_WORK TO COMPLETE:_
Write the records out again exactly, leaving no images in.
======== INPUT DATA
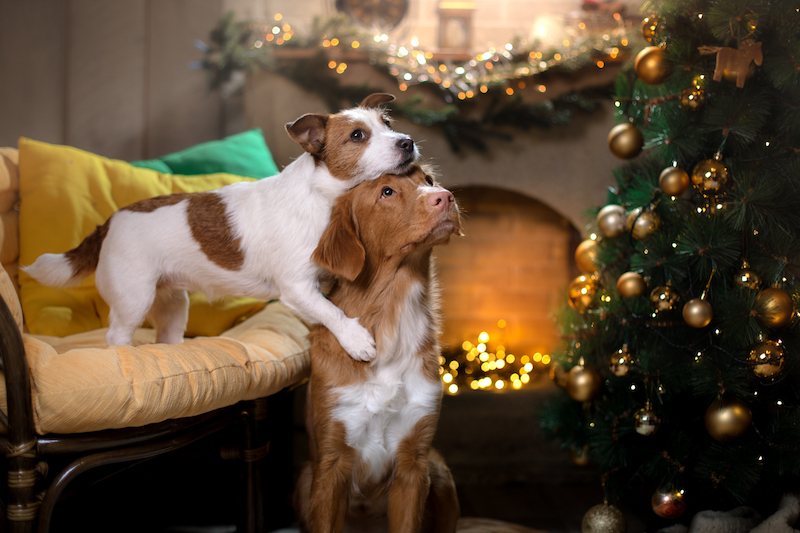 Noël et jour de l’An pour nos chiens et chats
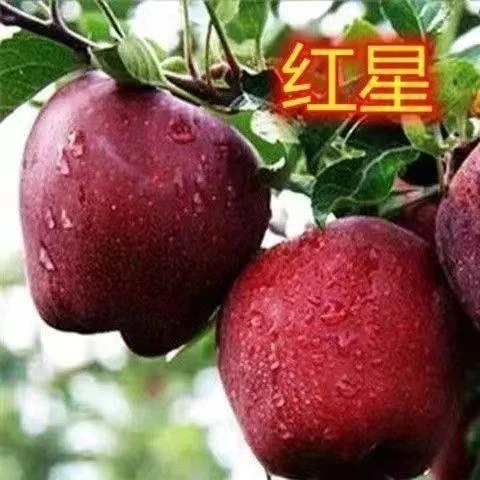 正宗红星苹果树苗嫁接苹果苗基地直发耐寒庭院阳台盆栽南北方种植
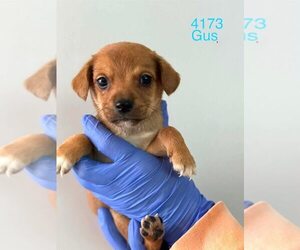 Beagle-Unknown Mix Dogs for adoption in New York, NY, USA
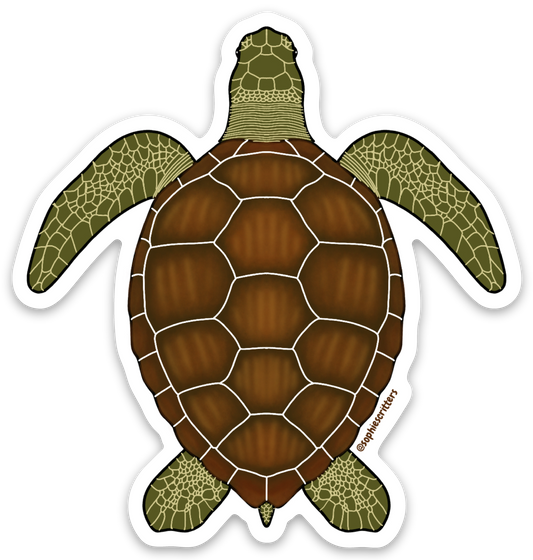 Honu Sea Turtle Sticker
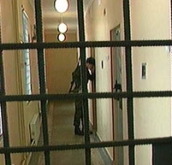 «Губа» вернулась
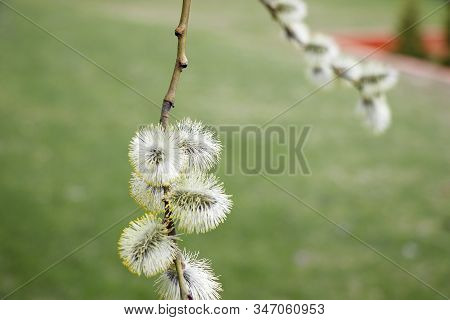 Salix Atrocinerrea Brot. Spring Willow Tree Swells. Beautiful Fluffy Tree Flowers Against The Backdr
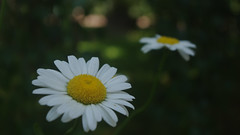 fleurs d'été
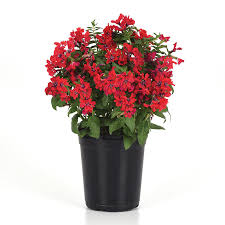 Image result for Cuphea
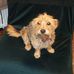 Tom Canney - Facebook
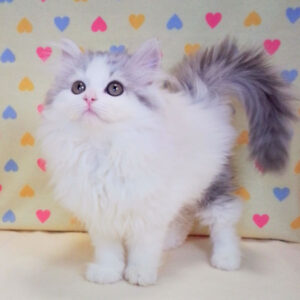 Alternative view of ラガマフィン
================
_RESULT OF THE TASK:_
 Noël et jour de l’An pour nos chiens et chats
 正宗红星苹果树苗嫁接苹果苗基地直发耐寒庭院阳台盆栽南北方种植
 Beagle-Unknown Mix Dogs for adoption in New York, NY, USA
 Honu Sea Turtle Sticker
 «Губа» вернулась
 Salix Atrocinerrea Brot. Spring Willow Tree Swells. Beautiful Fluffy Tree Flowers Against The Backdr
 fleurs d'été
 Image result for Cuphea
 Tom Canney - Facebook
 Alternative view of ラガマフィン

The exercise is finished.